FIXED-LINE SEGMENT: The relative stagnation of Kuwait’s fixed-line segment stands in marked contrast to the dynamic mobile arena. The Ministry of Communications (MoC) remains the sole provider of fixed-line services in Kuwait, and data from the International Telecommunications Union (ITU) reveals little change in the market over recent years: in 2005 fixed-line subscriptions stood at 504,806, a figure which had only increased to 514,696 by 2011. Fixed-line growth over recent years, therefore, has been significantly lower than its mobile equivalent – over the two-year period between 2010 and 2012 only 0.2m fixed-line customers were added to the MoC’s system, compared to 0.9m cellular subscriptions. Kuwait’s fixed-line penetration rate of 18.26%, however, compares well with many of its neighbours, such as Iraq (5.49%), Saudi Arabia (16.5%) and Qatar (16.36%), and is only exceeded in the Gulf region by the UAE and Bahrain. Moreover, decades of government investment in fixed-line infrastructure have left Kuwait with one of the most robust networks in the GCC. “We have very good infrastructure in Kuwait. All our cables are ducted right up to the house, whereas in other countries this is reserved for main cables only, not the last 20 to 50 metres,” Hammed Ashkanani, an engineer and head of projects at the MoC, told OBG. Despite this infrastructural investment, the tariffs charged by the government are low: calls within Kuwait Mobile subscriptions, 2006-12 have been free of charge for decades, while calls to mobiles from landlines were made tariff-free in 2009 after VIVA’s initiative. In this respect, the fixed-line system has been run as something akin to a public service by the MoC, although the ministry’s sole control of the international gateway has allowed it to make a profit on calls to other countries. The possible privatisation of the fixed-line segment has been part of the public discourse surrounding the telecoms sector for many years, and the 2010 announcement by the MoC that it planned to privatise it within a period of two years rekindled expectations regarding sector liberalisation. While Kuwait has retained commercial, legal and technical advisors for this deal, no details regarding the size of the stake to be sold or who will able to bid in any future sale have been released.

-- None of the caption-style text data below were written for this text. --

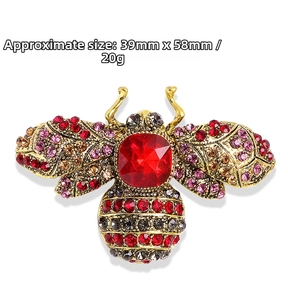 Detailed view of luxury bee brooch with red rhinestones and vintage gold alloy finish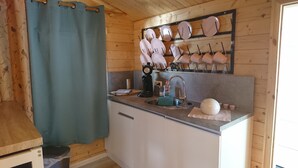 Een kleine keuken met een spoelbak, waterkoker en een wandplank voor borden.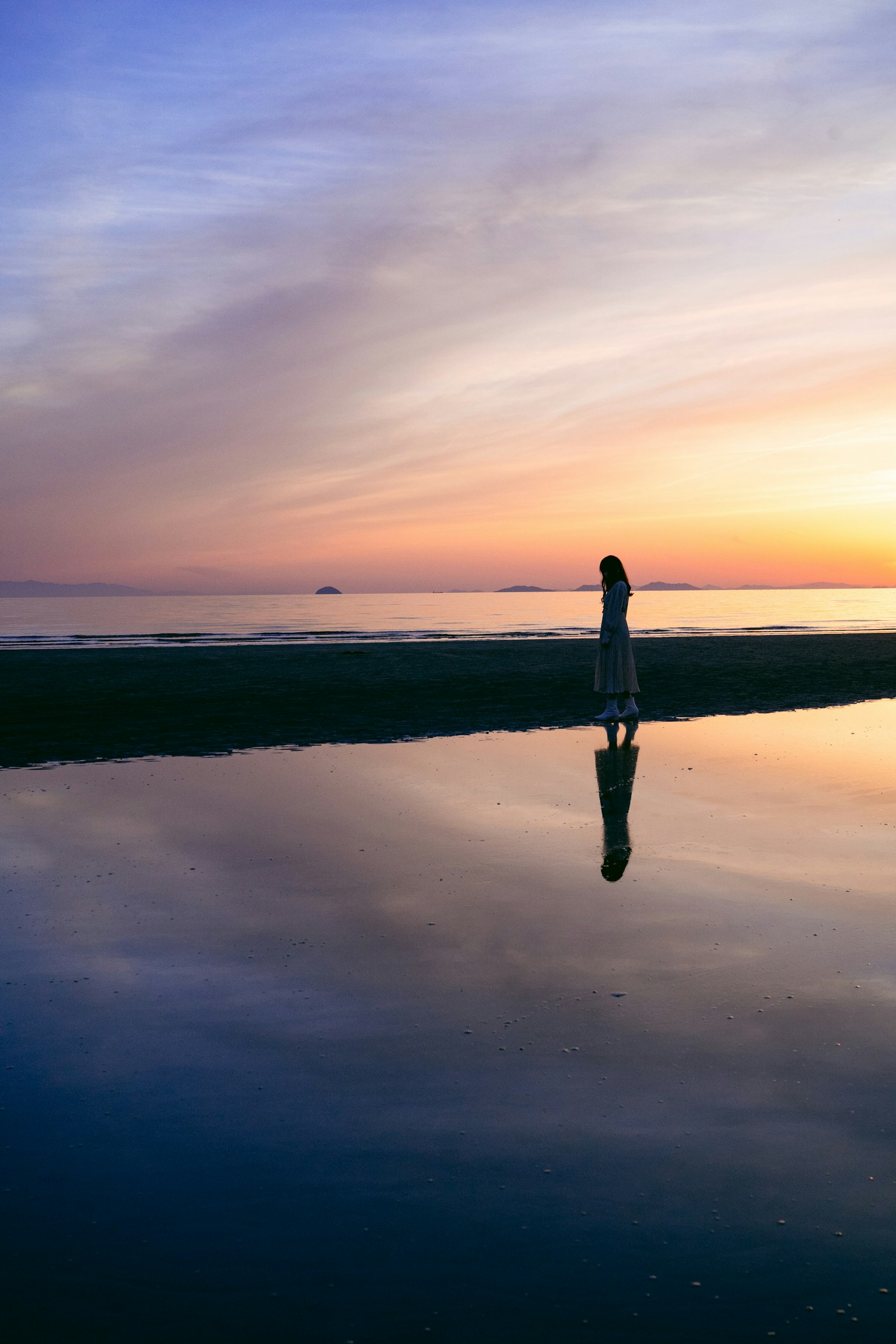 A person standing by the seaside at dusk with their reflection visible in the water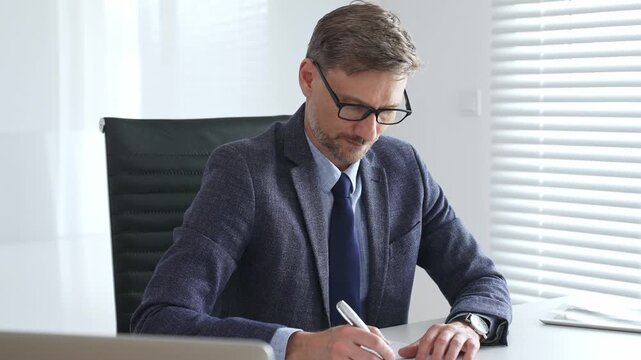 Adult businessman wearing blue suit and tail is concentrating while writing on a document at his desk in a bright, modern office, demonstrating professionalism and efficiency. Business people concept
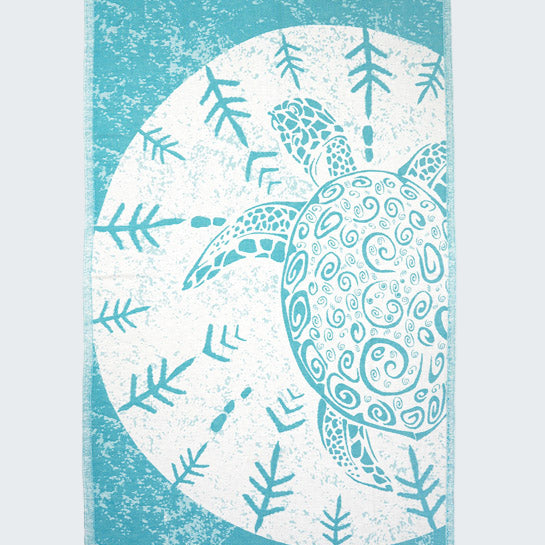 Towel with a turtle design on a blue and white background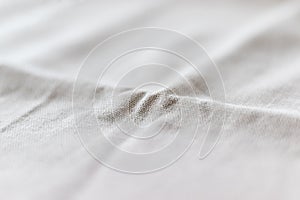 Soft light gray natural linen texture with focus on the fold. Crumpled fabric background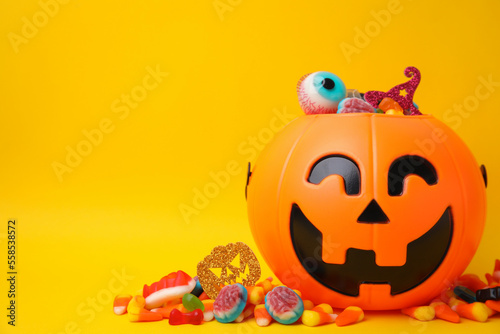 Halloween trick or treat bucket with different sweets on yellow background, space for text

NEW TECHNOLOGY: In the meantime, the MoC continues to upgrade the fixed-line infrastructure, and is currently in the process of replacing the existent copper network with fibre-to-the-home (FTTH) technology. The ministry is planning to convert all of Kuwait’s network to FFTH by 2020. Since 2005, some 44,000 plots (including single houses and multi-floor buildings) have been connected to a Gigabit Passive Optical Network (GPON), a point-to-multipoint access system with a downstream capacity of 2.48 GB per second. A second phase scheduled for tender in 2013 aims to add another 66,000 plots to the system, while the entire country is slated for connection by 2017. The wholesale conversion to FTTH in Kuwait will allow for a convergence of services through the new infrastructure, including voice calls, HDTV streaming, online gaming and other forms of data sharing (see IT overview).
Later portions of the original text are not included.